— PROBLEM REQUIREMENTS —
Your response should consist of the records below, repeated exactly.

[Web page caption snippets]
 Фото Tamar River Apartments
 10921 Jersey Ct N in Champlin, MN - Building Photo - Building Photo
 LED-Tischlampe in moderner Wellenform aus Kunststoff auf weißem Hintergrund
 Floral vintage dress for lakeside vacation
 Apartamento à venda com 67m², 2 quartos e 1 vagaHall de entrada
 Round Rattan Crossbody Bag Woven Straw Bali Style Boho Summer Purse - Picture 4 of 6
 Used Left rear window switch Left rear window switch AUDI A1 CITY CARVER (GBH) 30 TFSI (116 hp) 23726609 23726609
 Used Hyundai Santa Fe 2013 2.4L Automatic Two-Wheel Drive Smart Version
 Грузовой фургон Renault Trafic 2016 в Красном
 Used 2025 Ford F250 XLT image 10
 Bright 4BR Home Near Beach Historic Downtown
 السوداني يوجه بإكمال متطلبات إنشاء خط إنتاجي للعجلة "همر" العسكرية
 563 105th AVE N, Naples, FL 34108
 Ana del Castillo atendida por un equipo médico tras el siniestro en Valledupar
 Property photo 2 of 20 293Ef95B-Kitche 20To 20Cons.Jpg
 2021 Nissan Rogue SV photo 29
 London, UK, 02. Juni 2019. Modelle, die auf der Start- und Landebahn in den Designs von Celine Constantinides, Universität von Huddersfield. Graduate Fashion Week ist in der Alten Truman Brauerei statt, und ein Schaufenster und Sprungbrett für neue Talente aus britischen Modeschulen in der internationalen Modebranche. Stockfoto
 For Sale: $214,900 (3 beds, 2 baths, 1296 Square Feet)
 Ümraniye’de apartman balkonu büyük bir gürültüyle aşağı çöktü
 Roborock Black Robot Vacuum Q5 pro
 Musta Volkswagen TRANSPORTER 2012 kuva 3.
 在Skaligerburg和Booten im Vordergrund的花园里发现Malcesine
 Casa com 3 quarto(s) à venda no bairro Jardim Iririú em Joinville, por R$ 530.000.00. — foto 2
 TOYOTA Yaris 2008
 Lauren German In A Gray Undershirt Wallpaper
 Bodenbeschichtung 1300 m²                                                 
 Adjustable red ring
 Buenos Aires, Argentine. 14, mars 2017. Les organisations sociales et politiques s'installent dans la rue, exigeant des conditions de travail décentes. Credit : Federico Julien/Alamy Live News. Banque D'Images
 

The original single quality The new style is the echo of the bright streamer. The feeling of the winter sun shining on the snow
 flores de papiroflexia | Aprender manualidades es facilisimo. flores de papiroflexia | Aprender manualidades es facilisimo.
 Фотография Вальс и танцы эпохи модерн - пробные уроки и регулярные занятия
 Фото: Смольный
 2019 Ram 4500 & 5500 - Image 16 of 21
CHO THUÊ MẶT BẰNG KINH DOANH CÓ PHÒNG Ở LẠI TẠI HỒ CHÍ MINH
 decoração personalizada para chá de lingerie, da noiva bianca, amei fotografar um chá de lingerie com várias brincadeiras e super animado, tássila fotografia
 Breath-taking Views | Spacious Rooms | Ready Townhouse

— WRITTEN ANSWER —
 Фото Tamar River Apartments
 10921 Jersey Ct N in Champlin, MN - Building Photo - Building Photo
 LED-Tischlampe in moderner Wellenform aus Kunststoff auf weißem Hintergrund
 Floral vintage dress for lakeside vacation
 Apartamento à venda com 67m², 2 quartos e 1 vagaHall de entrada
 Round Rattan Crossbody Bag Woven Straw Bali Style Boho Summer Purse - Picture 4 of 6
 Used Left rear window switch Left rear window switch AUDI A1 CITY CARVER (GBH) 30 TFSI (116 hp) 23726609 23726609
 Used Hyundai Santa Fe 2013 2.4L Automatic Two-Wheel Drive Smart Version
 Грузовой фургон Renault Trafic 2016 в Красном
 Used 2025 Ford F250 XLT image 10
 Bright 4BR Home Near Beach Historic Downtown
 السوداني يوجه بإكمال متطلبات إنشاء خط إنتاجي للعجلة "همر" العسكرية
 563 105th AVE N, Naples, FL 34108
 Ana del Castillo atendida por un equipo médico tras el siniestro en Valledupar
 Property photo 2 of 20 293Ef95B-Kitche 20To 20Cons.Jpg
 2021 Nissan Rogue SV photo 29
 London, UK, 02. Juni 2019. Modelle, die auf der Start- und Landebahn in den Designs von Celine Constantinides, Universität von Huddersfield. Graduate Fashion Week ist in der Alten Truman Brauerei statt, und ein Schaufenster und Sprungbrett für neue Talente aus britischen Modeschulen in der internationalen Modebranche. Stockfoto
 For Sale: $214,900 (3 beds, 2 baths, 1296 Square Feet)
 Ümraniye’de apartman balkonu büyük bir gürültüyle aşağı çöktü
 Roborock Black Robot Vacuum Q5 pro
 Musta Volkswagen TRANSPORTER 2012 kuva 3.
 在Skaligerburg和Booten im Vordergrund的花园里发现Malcesine
 Casa com 3 quarto(s) à venda no bairro Jardim Iririú em Joinville, por R$ 530.000.00. — foto 2
 TOYOTA Yaris 2008
 Lauren German In A Gray Undershirt Wallpaper
 Bodenbeschichtung 1300 m²                                                 
 Adjustable red ring
 Buenos Aires, Argentine. 14, mars 2017. Les organisations sociales et politiques s'installent dans la rue, exigeant des conditions de travail décentes. Credit : Federico Julien/Alamy Live News. Banque D'Images
 

The original single quality The new style is the echo of the bright streamer. The feeling of the winter sun shining on the snow
 flores de papiroflexia | Aprender manualidades es facilisimo. flores de papiroflexia | Aprender manualidades es facilisimo.
 Фотография Вальс и танцы эпохи модерн - пробные уроки и регулярные занятия
 Фото: Смольный
 2019 Ram 4500 & 5500 - Image 16 of 21
CHO THUÊ MẶT BẰNG KINH DOANH CÓ PHÒNG Ở LẠI TẠI HỒ CHÍ MINH
 decoração personalizada para chá de lingerie, da noiva bianca, amei fotografar um chá de lingerie com várias brincadeiras e super animado, tássila fotografia
 Breath-taking Views | Spacious Rooms | Ready Townhouse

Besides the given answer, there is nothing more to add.